The modern but cozy rooms are on the small side but avoid any clutter with sleek furniture and fantastic hotel-art-free walls. The much-talked about beds are incredibly comfortable thanks to the custom-designed pillow top mattresses, and in a bid to make amends with the surrounding community, you will also find custom toiletries, jewelry, T-shirts and make-up for sale from local artists and purveyors—even the pretzels come from the nearby pretzel cart.

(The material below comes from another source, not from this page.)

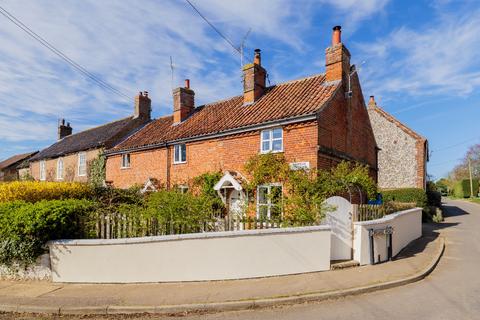2 bedroom end of terrace house for sale, Harpers Yard, Creake Road, Syderstone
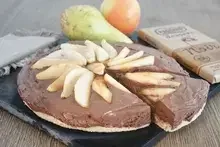Délice aux noix poires caramélisées et chocolat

Rooms to Get/Avoid: Go for rooms four and seven on a high floor. The corner rooms have unrivalled views of the Empire State Building (seven) or the whole East side of Manhattan (four). Be warned that the ‘courtyard’ view rooms really look directly on to the back of the next building, blocking out much of the light that is the hotel’s great asset.
The Standard New York
Straddling the High Line Railway track, André Balazs new transformer-like Standard Hotel in New York’s Meatpacking District seems to float above the Hudson River. In true Balazs style, the property is designed from the inside out. It starts with beautiful furnishings, wood-ceiling paneling and muted lighting—all without an over-the-top feeling—and finishes with a wide skyline view in every room. Of the 337 guestrooms, the smallest, at 180-square-feet, feels commodious thanks to large sweeping windows and see-thru bathrooms with walk-in showers. If showering in an exposed shower is not your thing, make sure to request one without.